2) In 2019, Washington voters rejected the I-1000, which will add the term “sole eligibility factor” to the definition of preferential treatment in RCW 49.60.400. If Washington voters intend to limit RCW 49.60.400’s protections to when a clear feature is the “sole qualifying factor” in a covered state agency decision, they will vote to do so in 2019 when they have the opportunity. Since that amendment was considered and rejected, the Legislature has not amended RCW 49.60.400 to insert any similar restrictive language. Therefore, interpreting RCW 49.60.400 as rejected on I-1000 is disrespectful to the voter’s wishes or intent.

The proposed executive order also contains some directives that are inconsistent with RCW 49.60.400 or violate the Equal Protection Clause of the U.S. Constitution. In particular, the following provisions are problematic:

1) Authorizing state agencies to consider race and gender as significant factors in public employment, education, or contracting violates RCW 49.60.400.

2) Directing public institutions of higher education to abandon race-neutral admissions practices in favor of race-aware practices, including the use of race-aware measures to award scholarships and financial aid, in violation of RCW 49.60.400. The goal of getting a large number of diverse students will lead a college to use race as an important motivator for admissions. Additionally, while Grutter authorizes the use of the “plus” factor in admissions, this practice is precisely the type of preference prohibited by RCW 49.60.400.

3) RCW 49.60.400 may prohibit requiring usage preference points, price preference and mandatory MWBE targets in public contracts. In addition, implementing binding affirmative action plans and goals in public employment violates RCW 49.60.400.

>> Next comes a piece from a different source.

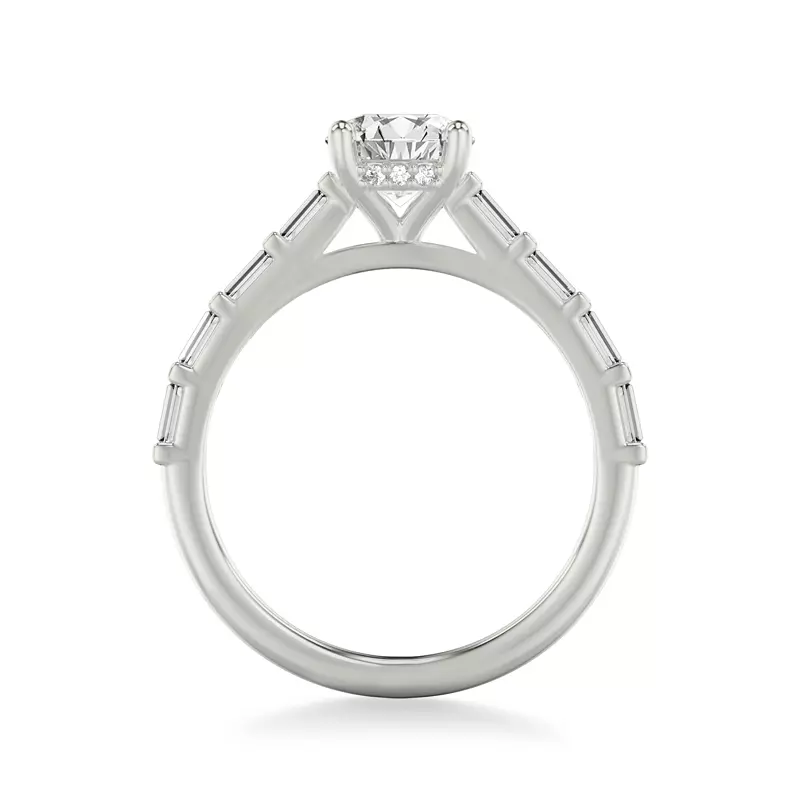 14K White Gold Alejandra Baguette Pave And Hidden Halo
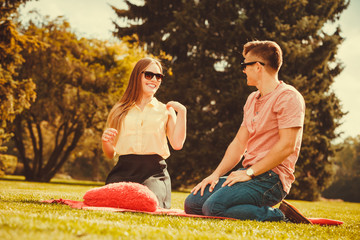 Young couple on picnic.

4) Restricting government spending on public contractors based on race or gender, specifically in the form of “financial relief,” violates RCW 49.60.400 and the Equal Protection Clause of the U.S. Constitution.

5) Abandoning race-neutral policies and guiding the implementation of racial classifications involves consideration of the Equal Protection Clause. The proposed executive order does not contain an analysis of a compelling national interest or consideration of narrow alternatives. Even if the court finds that the orders do not violate RCW 49.60.400, the court may find that the orders fail to provide a rigorous scrutiny analysis of challenges to the Equal Protection Clause.

The memo accompanying Davis Wright Tremaine LLP provides a legal analysis of the Governor’s Directive 98-01 and the executive order proposed by proponents of I-1000 to repeal the directive. The analysis highlights flaws in the proposed executive order that could create legal liability for Washington state if it implements the order.

In conclusion, the executive order proposed by I-1000 proponents, revoking and replacing in whole or in part Governor’s Directive 98-01, is inconsistent with RCW 49.60.400 and violates the Equal Protection Clause of the United States Constitution. We kindly ask that you do not issue any executive order that violates the I-200 or the Equal Protection Clause of the U.S. Constitution.